Mar 22 2012

Data management plans (DMPs): the day has arrived

Steve Hitchcock

Changed Days at Paddington Basin, Colin Smith, Geograph Project

Updated 28 March 2012

The day has arrived for data management plans (DMPs). It’s tomorrow (Friday 23rd March 2012) when Research Data Management Planning Projects from the JISCMRD (2011-13)┬áprogramme convene a workshop in Paddington, London, to present their findings and results. But has the day for DMPs arrived in a bigger sense? Are DMPs pivotal to research data management? I suspect so, and at the meeting I will be looking for evidence to support the assertion, or not.

DMPs are the link between the conception and proposal of research projects, and the later production of data from those projects. These plans can be extensive and demanding to produce, but as a result the information they contain should be invaluable to data repositories. This is not the type of information the researcher is likely to provide again at the point of depositing data in an institutional data repository.

DMPs represent carefully planned information on the project and predict the existence of data, in some cases precisely. This creates a link with emerging research data policy, which requires an open record of data produced in the course of funded research and the effective management and storage of that data. DMPs have a role to play in monitoring and ensuring the completeness of the records.

This approach raises a series of questions about DMPs. What is the scope of a DMP, and who defines this? This is most likely to be the research funder, but might be institutions in other, non-funded cases. In what form will the DMP be completed? Presumably online. Where will online DMPs be hosted? The Digital Curation Centre, not a research funder, hosts the DMP Online tool. Should institutions create and/or host DMP tools? To what extent will it be possible to (pre-) populate data repository records from DMPs? How comfortable are funders, institutions and researchers about sharing and publishing information from DMPs? The answers will involve specifying where DMPs fit the researcher’s workflow, ensuring there is no duplication of effort, and allowing DMPs to be driven by the needs of research and researchers, not by systems requirements or other special pleading.

These are some of the issues that will be in my mind when listening to the DMP project presentations tomorrow, and which I shall report on afterwards.

Update.
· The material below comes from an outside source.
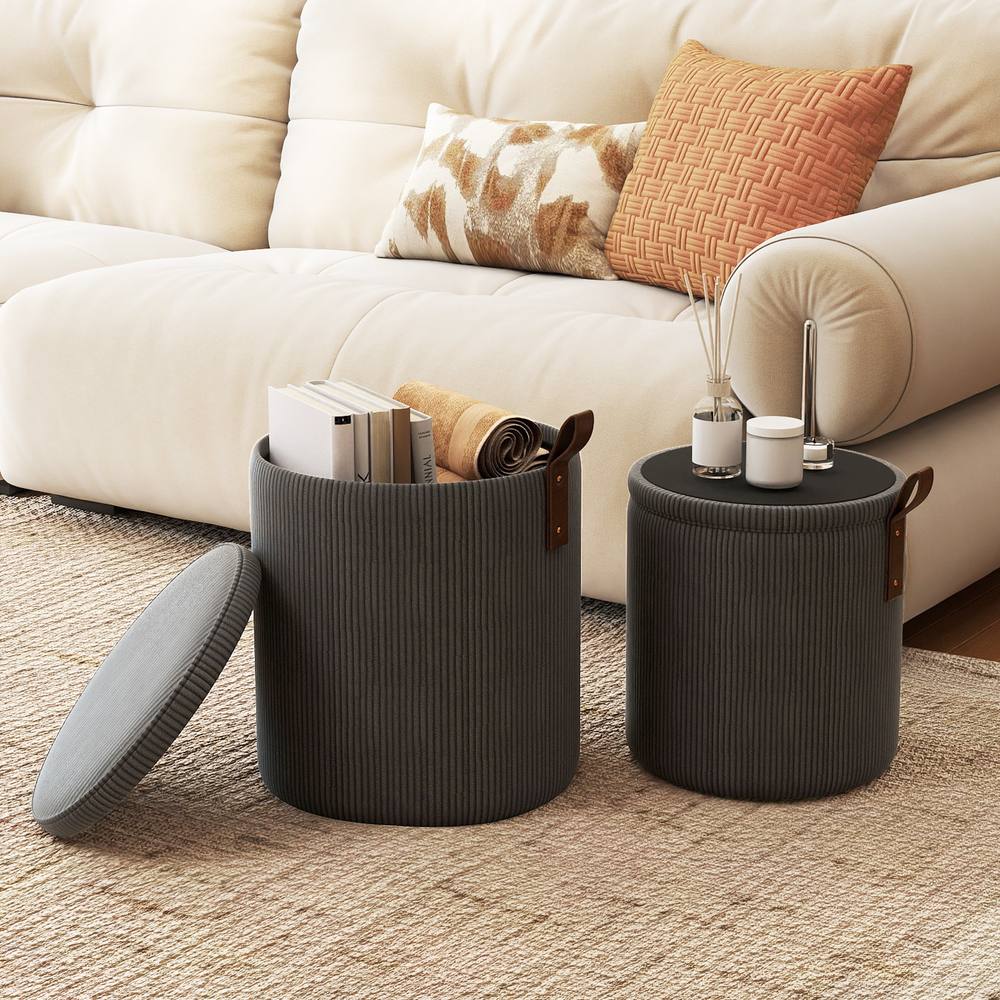 Costway 2PCS Modern Round Ottoman Upholstered Vanity Stools w/ Removable Lids in Grey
Following the JISC DMP meeting in Paddington, Meeting (Disciplinary) Challenges in Research Data Management Planning Workshop, and further feedback from key presenters, some of the questions I posed can begin to be answered. For me the key presentations in this context were by Kerry Miller and Adrian Richardson from DCC, who updated the meeting on future plans for the DMP Online tool, and from David Shotton, a zoology researcher at Oxford University who has been compiling a more researcher-friendly set of 20 DMP questions.

First, we were shown how DMP Online v3.0 now includes selectable templates for e.g. different funding council requirements, so we can see how customisation of DMP input forms is beginning to take shape. We can also see from the plans for DMP Online that one possibility being considered for the tool is Ability to host locally within institutions. This was my choice in the selection exercise, but it appears others did not rank this feature so highly. My recollection is this group exercise was somewhat curtailed, and the tied rankings for many features suggest the returns were not high, so I hope the development team will not feel bound to the ranking of these results.

Now to David Shotton’s analysis of a short, customised set of DMP questions. If we are to host locally and customise DMP tools, we need to be careful we do not get away from the core requirements of the forms, which are not simply to suit individuals or institutions. They still have to be grounded in formal funder and research requirements. So having framed his 20 DMP questions, David looked into comparing and aligning his questions with known sets of DMP questions, including from DMP Online and the US equivalent DMP Tool, and others. To make this alignment David created a downloadable spreadsheet containing the aligned DMP questions,┬áwhich can be found in a link towards the end of the blog post. An analysis of this comparison is provided in a follow-up post, also linked.

That’s enough for this update. It’s time to look at David Shotton’s analysis and at the plans for DMP Online in more detail. I expect to return to this. I can’t answer yet my latter questions on whether researchers and funders will be happy with the approaches being considered here, nor how soon this work might come to fruition by integrating DMP tools in data repository-based research workflow. Even to suggest this phrase leaves me accused of over-egging this particular pudding. What I can say is that answers to my first questions, on customisation and hosting, have begun to be revealed and they are highly encouraging.